Privacy? Mica tanto.

Anthony Chavez, VP Privacy Sandbox di Google, spiega che il lancio della Privacy Sandbox è "un passo significativo nel percorso verso un web più intrinsecamente privato". Ossia, più chiaramente, la Privacy Sandbox è un sistema di tracciamento più sicuro rispetto ai precedenti. Evidentemente, l'idea che un passo in avanti verso la privacy dovrebbe essere non avere affatto un sistema di tracciamento nel proprio browser è, per ora, troppo estrema.

Più in generale, l'approccio del Federated Learning of Cohorts è stato criticato perché giudicato poco in grado di aumentare in modo davvero certo la privacy di un singolo utente. È vero che l'assegnazione a una coorte non è granitica (si rinnova una volta ogni sette giorni), i dati raccolti sono anonimizzati e la coorte è abbastzanza numerosa da non permettere una identificazione personale. Ma, sottolineano i critici, tutto questo è da verificare.

I punti critici sono molti. In teoria, ad esempio, già monitorare come varia la nostra assegnazione alle diverse coorti ogni settimana è una analisi comportamentale potenzialmente pericolosa. È poi possibile, sempre in teoria, ridurre la numerosità di una coorte in modo che non sia davvero anonima. Inoltre, incrociando i dati raccolti dalla Privacy Sandbox con altre forme di tracciamento si può arrivare a una identificazione ragionevolmente precisa della singola persona.

La teoria degli algoritmi, delle tecnologie e degli standard web deve poi sempre raffrontarsi con la realtà dei fatti. In questa fase storica, in molte nazioni le informazioni ricavabili dalla vita online dei cittadini, cedute più o meno volontariamente, sono usate a fini discriminatori. Anche solo per questo il rischio che comporta qualsiasi forma di tracciamento si amplifica.
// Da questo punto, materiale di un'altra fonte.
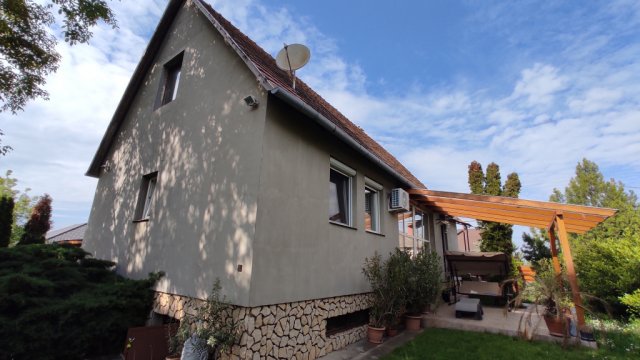 Eladó családi ház, Baracson 53.9 M Ft, 3 szobás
Per gli utenti europei di Chrome, fortunatamente, le cose sono messe meglio che per altri. In osservanza delle norme sulla privacy - quella intesa in senso proprio - le novità di Google non sono attive di default e richiedono un opt-in esplicito. Altri browser, come Safari e Firefox, non adotteranno la Privacy Sandbox. Per altri, come Microsoft Edge, non è chiaro.